Sunday, February 1, 2015

Howard Pyle's Palette

Blog reader Walt Morton asks:

"Did Howard Pyle teach or endorse a particular palette of colors? He was so methodical and analytical, I believe he had an ideal palette underlying his methods.
Yet I find no printed evidence."

Offhand I didn't know the answer, so I reached out to my lifelines.

Kev Ferrara says:

"It is my understanding that Pyle's emphasis was always on values, and color was of secondary consideration. [Harvey] Dunn said that Pyle 'preached tonal values 24-7' and had a very negative view of his own abilities with color. In fact Dunn reported that Pyle claimed he didn't really understand color at all. Given the many beautiful pictures in color by Pyle, we may take this anecdote with a grain of salt... something Dunn said which was designed more to drive home to his own students the preeminence of values in picture making.

"Regarding actual palette set up, Harvey Dunn said that Pyle taught his students to 'Keep shadows and light absolutely separate both on palette and on picture.' Dunn elaborated elsewhere: 'Keep light colors and shadow colors separate on palette, shadow colors on left, leaving a division between, and then light colors on the right.'"

Howard Pyle, The Dancer, 1899
Ian Schoenherr, author of the Howard Pyle blog, says:

"I have almost nothing to add to what Kevin said. In my transcribed records, there’s little mention of the specific pigments Pyle used.

"However, in a letter Gertrude BrincklĂ© wrote from Italy on March 12, 1911, she said: 'Mr. Pyle colored a print of Holbein’s ‘Richard Southwell’ for me - not just tinting, [but] modeling with water colors, white, vermillion, cerulean blue, thick colors.'

"And two observers assumed that Pyle added vermillion to his black and whites (starting in the early/mid 1890s). Likewise, an 1897 news item said, 'He even uses color sparingly where that will add to the ‘value’ of his scheme. Black and red is his favorite combination, with the introduction now and then of blue and yellow.'"

"Like Kevin said, there are a few photos of Pyle with palette in hand - and I think only one (from early 1899 - above) shows the paint side - but that doesn’t help much."

Thanks, Kev and Ian. 


David P. Geister said...


Thanks for posting this. I have always been a huge fan of Pyle and his students N.C. Wyeth and Stanley Arthurs. Pyle's "Battle of Nashville" mural is in our Minnesota state capitol and I have spent many an hour admiring it.
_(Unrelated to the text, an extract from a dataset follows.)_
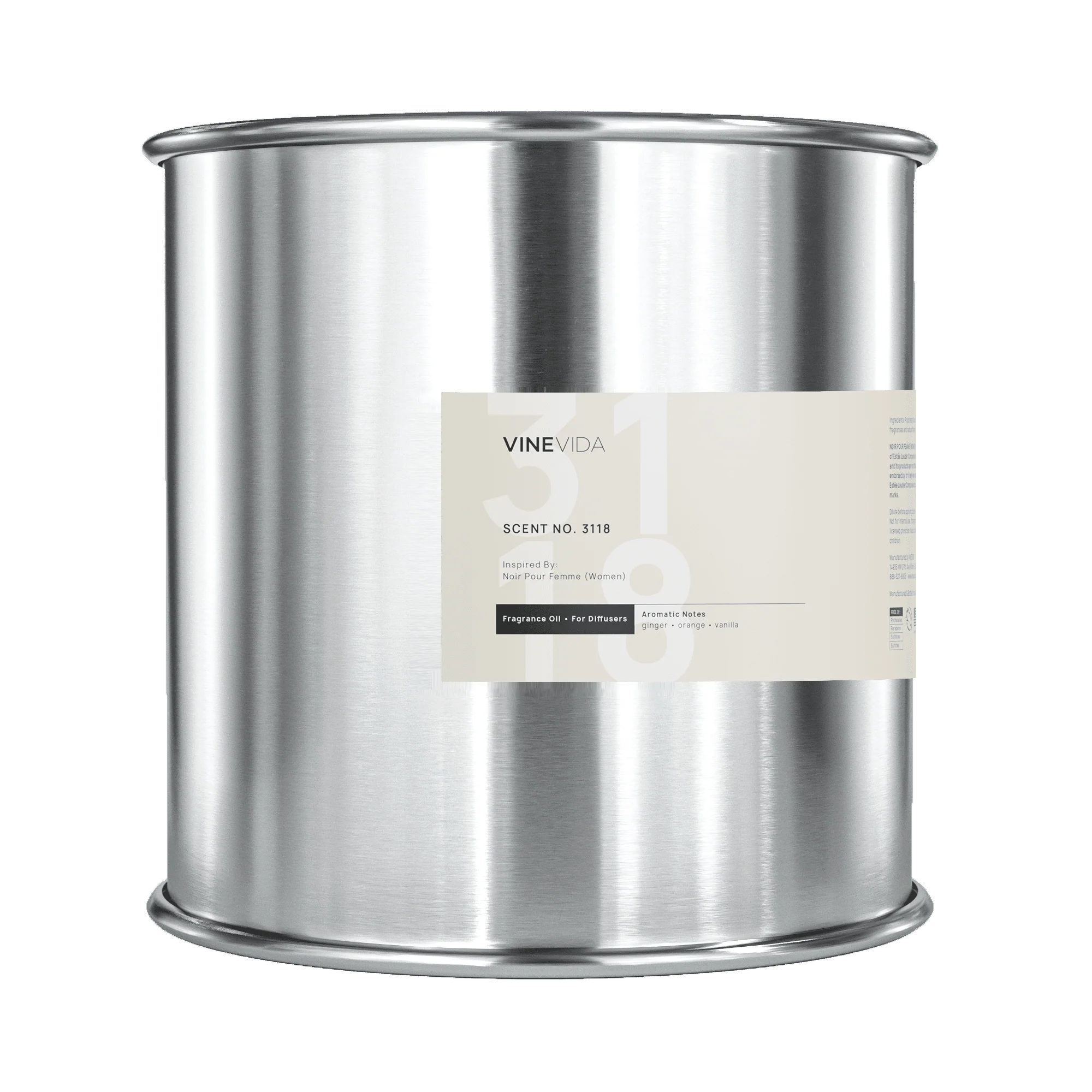 NO. 3118 Fragrance Oil for Cold Air Diffusers - Inspired by: Noir Pour Femme (Women) by Tom Ford - Image 6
A few steps away, Arthur's "Third Minnesota entering Little Rock" is masterful.

The emphasis on value makes perfect sense, and I only wish I could take it more strongly to heart. My work would vastly improve.

Cheers -

Mark Martel said...

He seemed to work during the dawn of color reproduction so the red and black palette was common. I also love the pthalo green and cad red of The Nation Makers, revolutionary war soldiers marching into battle. He seems to pull a full gamut from just the two pigments.

Bobby La said...

"Values, values, values" sounds like a fine mantra to me. I adore colour, but regard myself as hopeless at it too. Very good restricted palette that a local artist uses to great effect is the Hammershoi oil palette.
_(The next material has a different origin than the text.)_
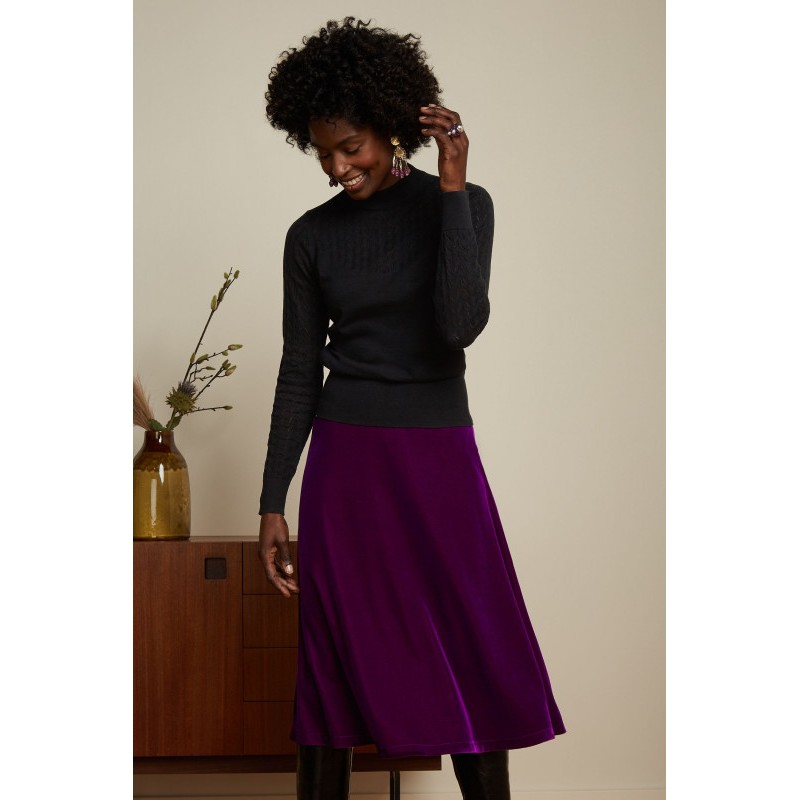 Juno Skirt Gamine KING LOUIE 35,98 € -60%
Titanium white, Naples yellow, yellow ochre, burnt sienna, cobalt blue and ivory black.

Regards Ross

IrisHopp said...

I interpret this as "Keep the colours simple and focus on the values."

Comparing professional work and mine, it often strikes me how much bolder professionals are with values (this includes you, James ;) )

helium73b said...

What's impressive about Howard Pyle is his composition. A lot of artists totally ignore good composition or use it subtly. Frazetta, Wyeth, Alphonse Mucha, Boris Vallejo and Mark Silvestri excel at composition. Pyle was also good at it. I guess their main goal is simplification. Sometimes they use too little background though. The Pr-Raphaelites had good composition and filled up their backgrounds with sharp detail yet they didn't fill every inch with "things". A lot of artists I think ignore composition altogether yet have great composition. I think bad composition is caused by too little understanding of it while spending too much time on it. The more time you spend on prelims the more likely you are to create an unnatural situation in which every area of the picture has own little subject. That's how you layout a magazine page or a comic book page but it's not going to be a good composition. Real life objects don't arrange themselves in the world so that they all take up every inch of your view equally. It's so easy to fill every square inch of a canvas with it's own little subject. The longer you spend on it the more you will want to put something into that blank area. Having said that I did buy Glory Lane primarily for the cover art. In that case it gave a feeling of being in a mall which I was in at the time and I really have a lot of fond mall memories. Besides that people shouldn't always follow the rules especially in art. There would be no Pre-Raphaelites or Impressionists if they did. Modern art though is just people following the bandwagon of "originality". I should probably do some modern art though. I think realism is probably the best training for abstract art.